Perhaps the most famous U.S. nuclear weapons accident happened in 1961, when a B-52 flying over North Carolina broke apart, releasing two 4 megaton hydrogen bombs. One bomb's parachute deployed, but the other fell all the way to earth. As Ploughshares Fund President Joe Cirincione put it, "all of the weapon's safety mechanisms failed, except one. It was a single low-voltage switch that prevented a hydrogen bomb from destroying a good portion of North Carolina."

These type of incidents aren't things of the distant past.

In 2007, a B-52 flight from North Dakota to Louisiana carried six nuclear warheads -- by mistake -- in violation of a Cold War era treaty not to fly nuclear weapons. The crew of the plane did not realize that they were carrying nuclear weapons. Airmen in North Dakota did not know that any nuclear weapons were missing. And nobody realized that something was amiss for 36 hours.

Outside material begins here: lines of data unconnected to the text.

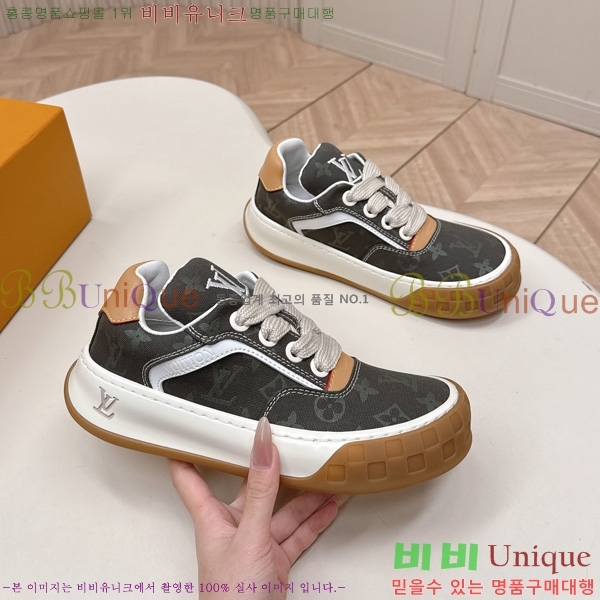 �������� ���̺��� Tilted Sneaker ����Ŀ�� LV402282-3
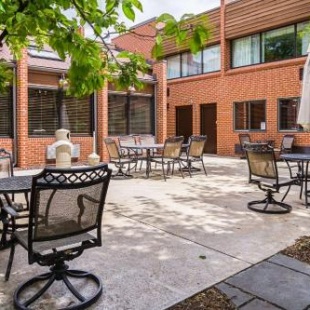 Фотография гостиницы Quality Inn & Suites Altoona Pennsylvania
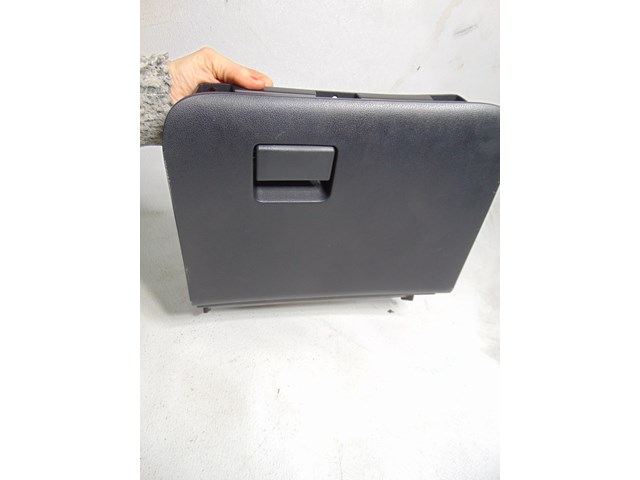 2014 Nissan Juke Nismo RS Glove Box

Just a year later, the Air Force investigated a case of gross incompetence at an ICBM launch silo after a fire in a launcher equipment room went unnoticed for five days. Again, the AP's writeup of the incident sounds like a script for a low budget slapstick comedy, but nobody is laughing.

The fire was caused by a loose electrical connection on a battery charger that was activated when a storm knocked out the main power source. The fire ignited a shotgun storage case, incinerated shotgun shells, ignited and melted duct tape at the opening of the launch tube, charred an umbilical cable in several places, and burned through wires in a pressure monitoring cable.

Other revelations concerning our nuclear security aside, the incident report "uncovered the remarkable fact that the Air Force was using duct tape on cables linked to the missile," according to the AP.

These incidents are only a small sample of our nuclear near-misses, and we do not have a comprehensive list of nuclear accidents.

Jeffrey Lewis writes in Foreign Policy, "the Department of Defense has released narrative summaries for 32 accidents involving nuclear weapons between 1950 and 1980, many of which involve aircraft bearing bombs. False alarms? Please. The Department of Defense admitted 1,152 'moderately serious' false alarms between 1977 and 1984 -- roughly three a week."

The point here is that if you have so many nuclear weapons that you can misplace them and don't maintain them properly, you probably have too many.

But we're not the only nuclear power with problems like this. There are eight other nuclear weapons states. If we have these sorts of hair-raising problems, imagine what the Russians or the Pakistanis have to deal with.

These weapons are far too dangerous to treat with such carelessness. With some 15,000 nuclear weapons in the world today, every year that goes by without a nuclear accident is a miracle.

In 1961, President Kennedy warned that "every man, woman and child lives under a nuclear sword of Damocles, hanging by the slenderest of threads, capable of being cut at any moment by accident or miscalculation or by madness." Today his warning still rings true.

We must reduce our nuclear arsenals before they begin to reduce us.